## Brief
Return every record verbatim, omitting all pictures.

Input for this task START

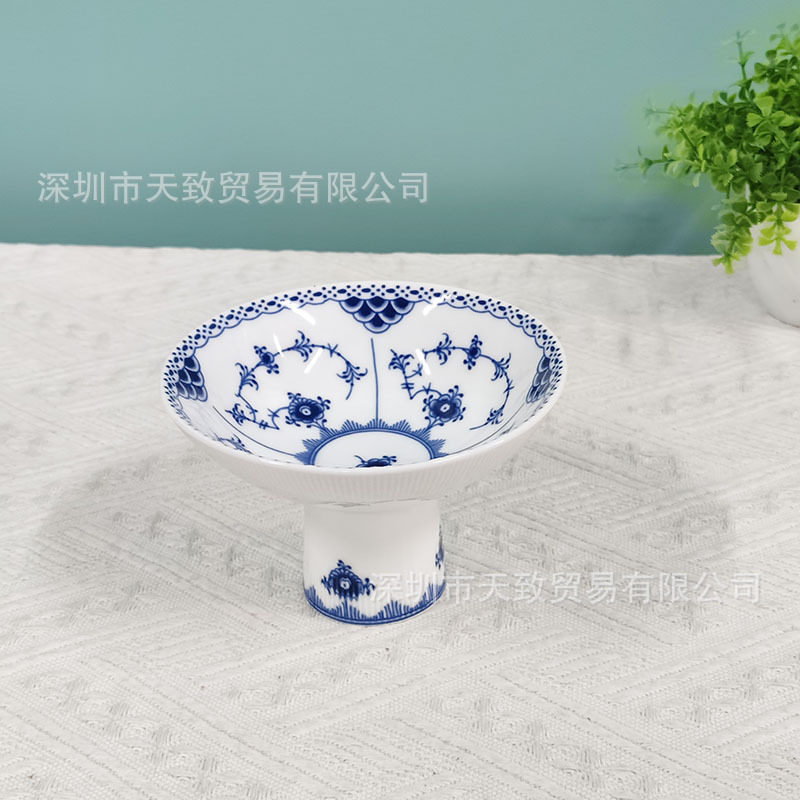 欧式手绘青花瓷骨瓷高脚碗唐草高足果碗下午茶点心盘厂家直销批发
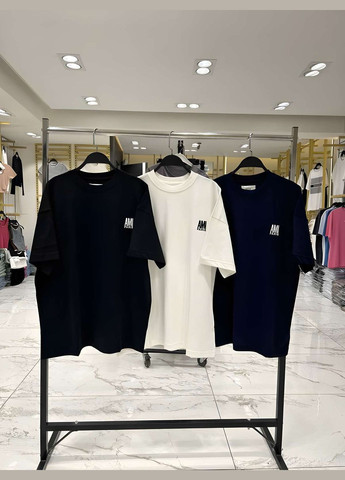 Женская черная синяя футболка оверсайз с вышитым лого Україна - (339402795)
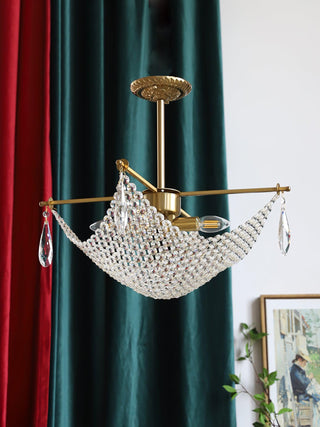 Lustra Lustre avec Fils de Cristal et Cristal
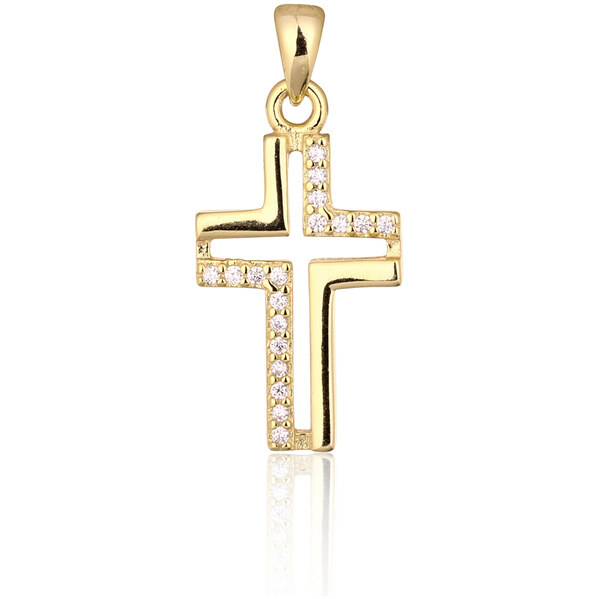 Ligot Strieborný pozlátený prívesok krížik so zirkónmi 46720395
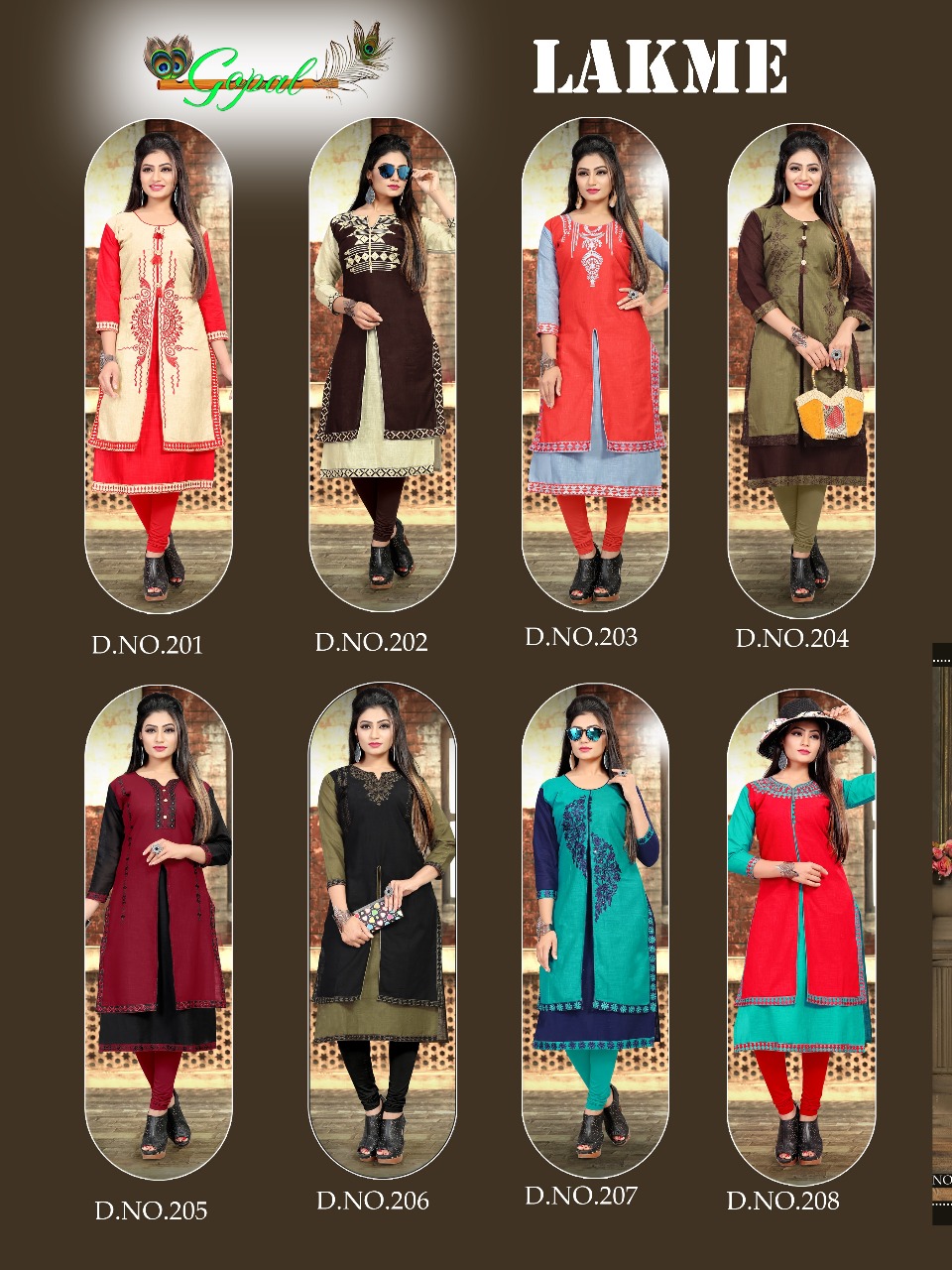 Lakme Vol-2 By Gopal 201 To 208 Series Beautiful Stylish Fancy Colorful Casual Wear & Ethnic Wear Cotton Slub Embroidery Kurtis At Wholesale Price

Input for this task END

## Expected answer
 欧式手绘青花瓷骨瓷高脚碗唐草高足果碗下午茶点心盘厂家直销批发
 Женская черная синяя футболка оверсайз с вышитым лого Україна - (339402795)
 Lustra Lustre avec Fils de Cristal et Cristal
 Ligot Strieborný pozlátený prívesok krížik so zirkónmi 46720395
 Lakme Vol-2 By Gopal 201 To 208 Series Beautiful Stylish Fancy Colorful Casual Wear & Ethnic Wear Cotton Slub Embroidery Kurtis At Wholesale Price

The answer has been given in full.